Exercise aim: Copy exactly, and copy nothing else: the line that contains "That feeling when" and all lines after it in the listing, without pictures.

=== Section Start ===

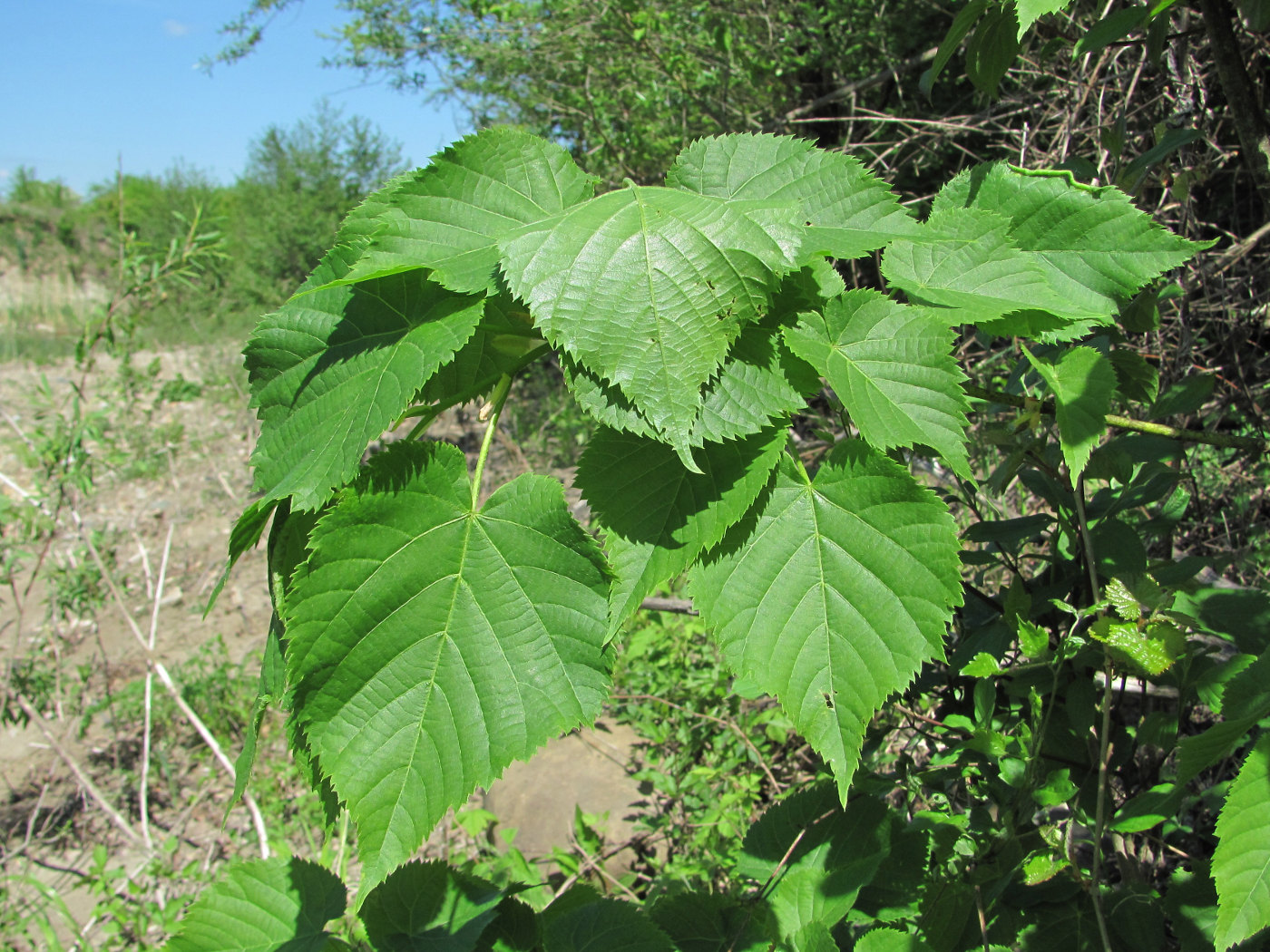 Image of Tilia begoniifolia specimen.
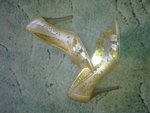 златни обувки viviana1_Image1008.jpg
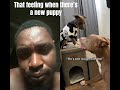 That feeling when there’s a new puppy #puppy #newpuppy #puppyspot #lovepup #happypuppy #bestpuppy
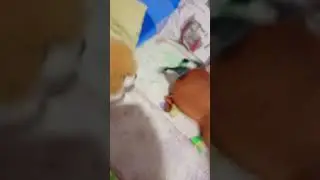 когда делаешь уроки с мамой 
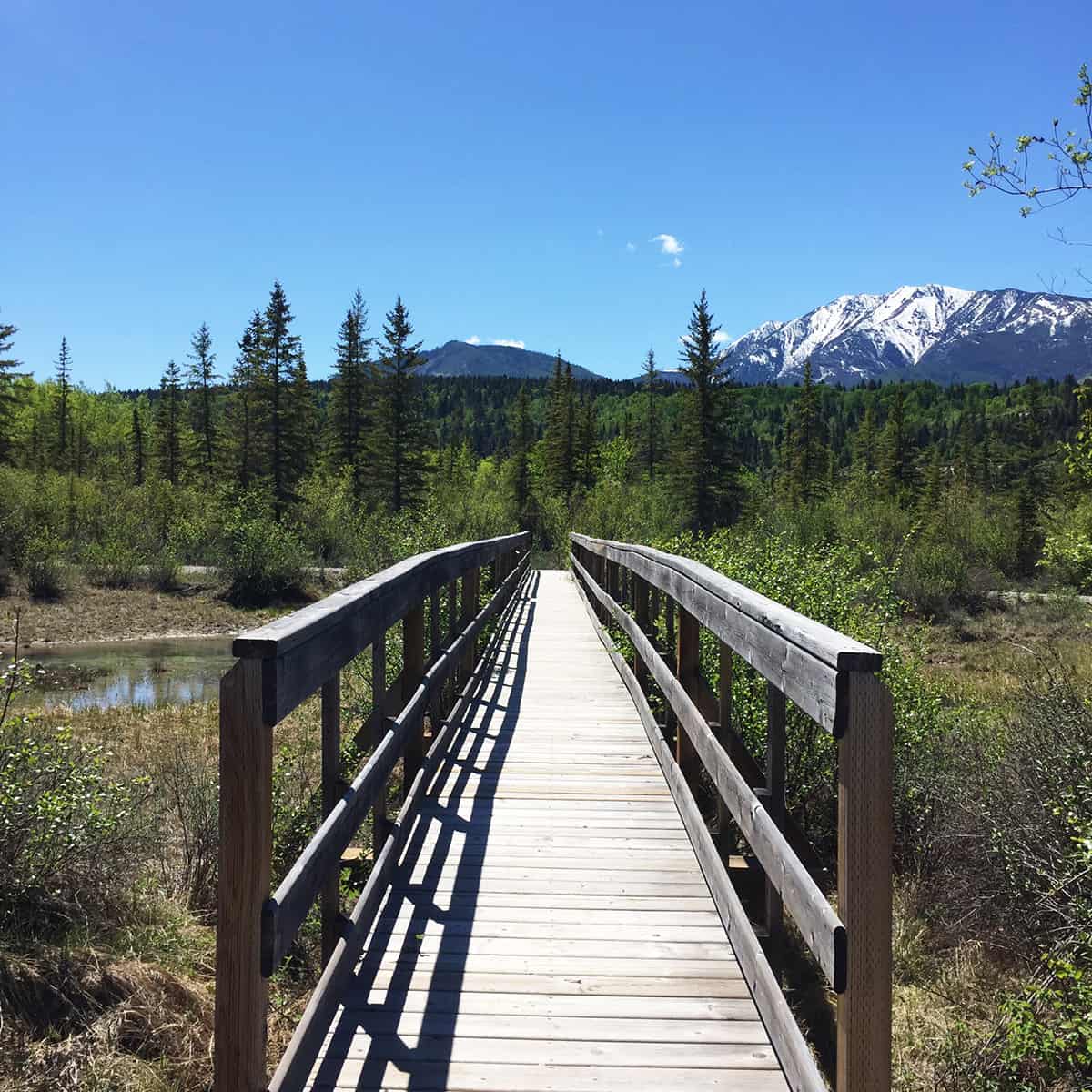 Source of the Columbia Trail, BC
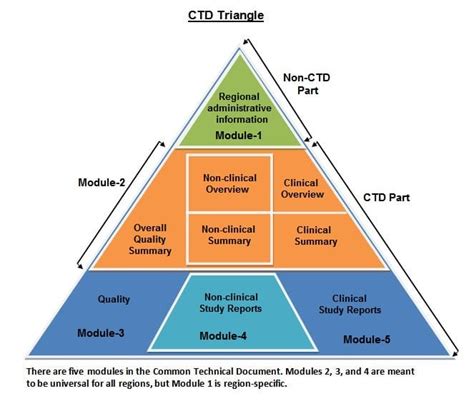 what is module 3 of the ctd
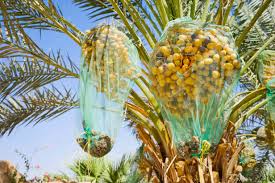 Date palm tree with nets covering fruit, Wadi Rum, Aqaba Governorate, Jordan  stock photo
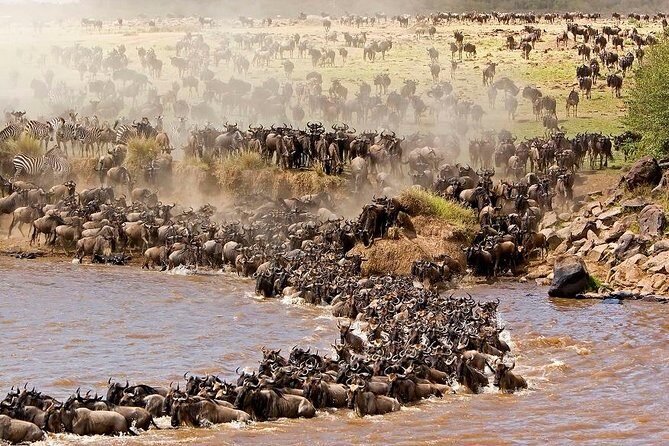 3 days 2 nights Masai Mara Budget safari from Nairobi - Who Will Love This Tour?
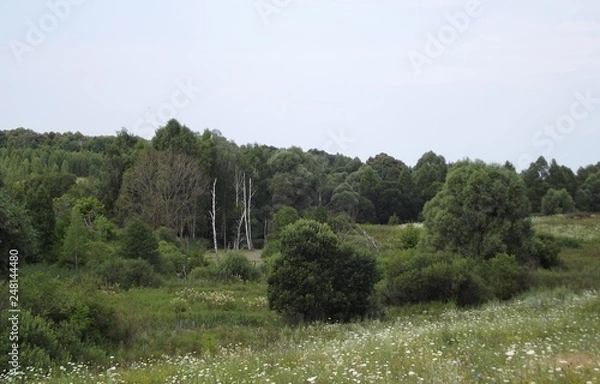 Obraz tree in a field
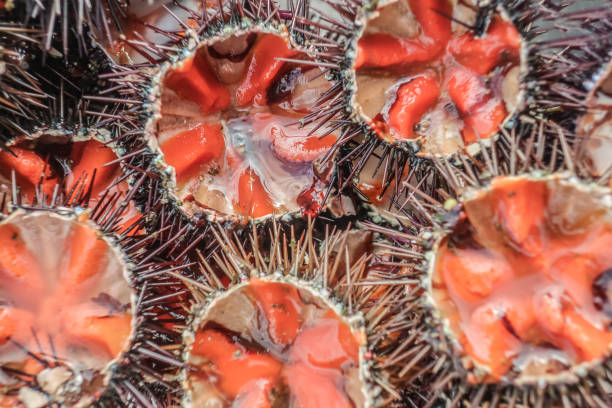 Sea Urchins in a Fish Market, Monopoli, Italy Sea Urchins in a Fish Market, Monopoli, Italy monopoli puglia stock pictures, royalty-free photos & images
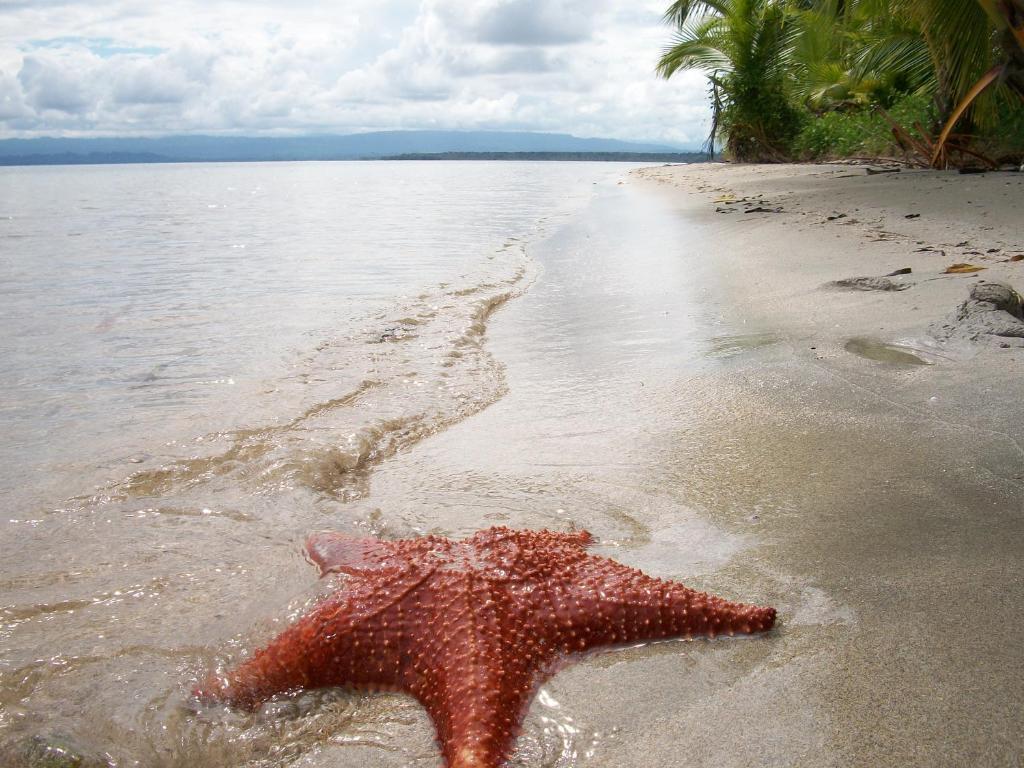 Hotel Tierra Verde Bocas del Toro Luaran gambar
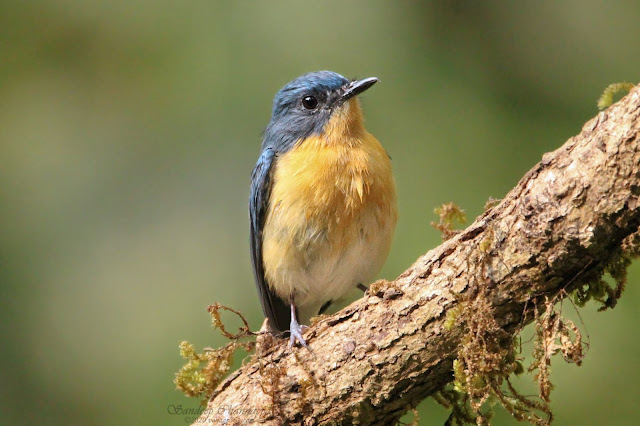 Tickell's Blue flycatcher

=== Section End ===

Exercise answer:
 That feeling when there’s a new puppy #puppy #newpuppy #puppyspot #lovepup #happypuppy #bestpuppy
 когда делаешь уроки с мамой 
 Source of the Columbia Trail, BC
 what is module 3 of the ctd
 Date palm tree with nets covering fruit, Wadi Rum, Aqaba Governorate, Jordan  stock photo
 3 days 2 nights Masai Mara Budget safari from Nairobi - Who Will Love This Tour?
 Obraz tree in a field
 Sea Urchins in a Fish Market, Monopoli, Italy Sea Urchins in a Fish Market, Monopoli, Italy monopoli puglia stock pictures, royalty-free photos & images
 Hotel Tierra Verde Bocas del Toro Luaran gambar
 Tickell's Blue flycatcher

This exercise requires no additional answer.